(Crawled caption data)
════════════════

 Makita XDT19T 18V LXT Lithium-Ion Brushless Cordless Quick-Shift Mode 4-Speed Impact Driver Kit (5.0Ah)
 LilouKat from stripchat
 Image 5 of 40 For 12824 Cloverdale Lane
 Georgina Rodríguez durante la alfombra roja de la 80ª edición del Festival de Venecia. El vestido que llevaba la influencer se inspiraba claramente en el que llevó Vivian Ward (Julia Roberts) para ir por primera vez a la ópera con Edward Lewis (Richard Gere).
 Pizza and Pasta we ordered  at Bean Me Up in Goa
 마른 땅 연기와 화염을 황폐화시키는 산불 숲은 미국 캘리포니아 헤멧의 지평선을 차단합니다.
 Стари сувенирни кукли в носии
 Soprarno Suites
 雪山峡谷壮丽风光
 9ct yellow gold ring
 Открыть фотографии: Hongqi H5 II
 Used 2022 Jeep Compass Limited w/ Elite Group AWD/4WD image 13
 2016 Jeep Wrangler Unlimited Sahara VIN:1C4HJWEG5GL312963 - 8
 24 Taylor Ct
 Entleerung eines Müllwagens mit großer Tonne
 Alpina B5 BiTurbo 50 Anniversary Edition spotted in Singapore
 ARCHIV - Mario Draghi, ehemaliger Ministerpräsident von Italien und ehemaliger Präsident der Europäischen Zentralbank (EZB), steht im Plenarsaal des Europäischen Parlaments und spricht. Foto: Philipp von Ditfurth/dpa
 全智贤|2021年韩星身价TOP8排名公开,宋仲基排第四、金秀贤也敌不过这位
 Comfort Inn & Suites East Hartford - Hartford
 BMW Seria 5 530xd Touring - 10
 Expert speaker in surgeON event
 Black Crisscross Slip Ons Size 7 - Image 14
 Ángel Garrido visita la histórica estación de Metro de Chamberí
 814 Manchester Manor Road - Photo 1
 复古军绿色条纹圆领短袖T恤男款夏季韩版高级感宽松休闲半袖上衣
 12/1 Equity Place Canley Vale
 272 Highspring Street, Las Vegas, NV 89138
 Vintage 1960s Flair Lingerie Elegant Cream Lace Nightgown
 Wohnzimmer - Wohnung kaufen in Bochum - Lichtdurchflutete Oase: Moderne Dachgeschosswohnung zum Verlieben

════════════════

# [Try it]
Search the data for "复古军绿色条纹圆领短袖T恤男款夏季韩版高级感宽松休闲半袖上衣". Beginning with that line, set down every line through the last exactly.

# [Response to this task]
 复古军绿色条纹圆领短袖T恤男款夏季韩版高级感宽松休闲半袖上衣
 12/1 Equity Place Canley Vale
 272 Highspring Street, Las Vegas, NV 89138
 Vintage 1960s Flair Lingerie Elegant Cream Lace Nightgown
 Wohnzimmer - Wohnung kaufen in Bochum - Lichtdurchflutete Oase: Moderne Dachgeschosswohnung zum Verlieben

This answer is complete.